According to Nathan Kureba, the chairman of the Board of Registration of Architects and Quantity Surveyors (Boraqs) Kenya, leaving professionals like architects out of the picture is part of the reason why people end up building on riparian lands, only for them to be forced to bring down their houses.

“Many people buy drawings along the road then try to plant them on any piece of land, without seeking advice. Before putting up that massive investment to rescue you from rent, keep professionals in the picture,” he says.

However, many people are put off by the fees required by different professionals. However, Mr Kureba says that the service fee is controlled, just like that of other professional services.

“There is infiltration of quacks and they may charge very low fees. But in the end, the chances of ending up living in house whose design is not what you wanted are very high,” he adds.

An architect in Kenya should charge a minimum fee of six per cent of a project’s construction cost should they execute all services during a construction of a new project.

Rehabilitations and renovations to existing projects are charged higher, at 10 per cent of the construction cost. David Chola, a lead architect at Adroit Architecture says there are clients who may change the design along the way to reduce the cost of the project but for as long the architect has already completed his work, the regulations dictate that they charge six per cent based on original design.

Another important thing to consider is the location of the land. This has a lot to do with the serene environment that one may have visualised. Again, it has everything to do with the kind of structure that one will eventually end up constructing, even if the budget is not a limiting factor.

Established estates like Runda have associations that control developments. For instance, you may not be allowed to construct over the weekend.

In some cases, the associations have a say on the kind of finishing to give your house or the materials to use, so as not to compromise on the estate’s glory.

This means that buying materials or entering into agreements with parties such as contractors with no understanding of the zoning and building regulations governing the location of the land may prove costly.

In unlucky situations, Mr Mutembei says, one may have to drop their initial architectural design or apply for the land’s change of use to accommodate the design.

Cost of land use

Some parcels of land are classified by county governments as agricultural and this may call for application for change of use license before constructing a house. This is another unforeseen cost because you have to advertise your intention in two or three newspapers and wait for at least 14 days to see if there will be no complains. Only after this can one then make the application to county government.

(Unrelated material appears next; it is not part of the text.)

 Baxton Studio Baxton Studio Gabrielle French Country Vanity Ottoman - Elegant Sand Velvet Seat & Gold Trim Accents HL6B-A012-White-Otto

“It is important to ensure you are aware of certain restrictions operating in the area you have bought land. If the plot coverage extends to riparian land, definitely you need a professional advice on which part of the plot to keep off,” advises Mr Kureba.

Since construction may be lengthy and usually involving money and many parties, services of a lawyer may prove crucial. Disputes with contractors, designers, or even suppliers of materials may all require a legal mind to avoid stalling the project.

While assembling this team of professionals and seeking approvals may add to the already burdensome task of meeting construction materials, Mr Mutembei says that it is not a reason enough to cut corners.

“Anything cheap is very expensive at the end of the day. Doing constructing is a journey. If your budget cannot match your vision, you go back to the drawing board,” he says.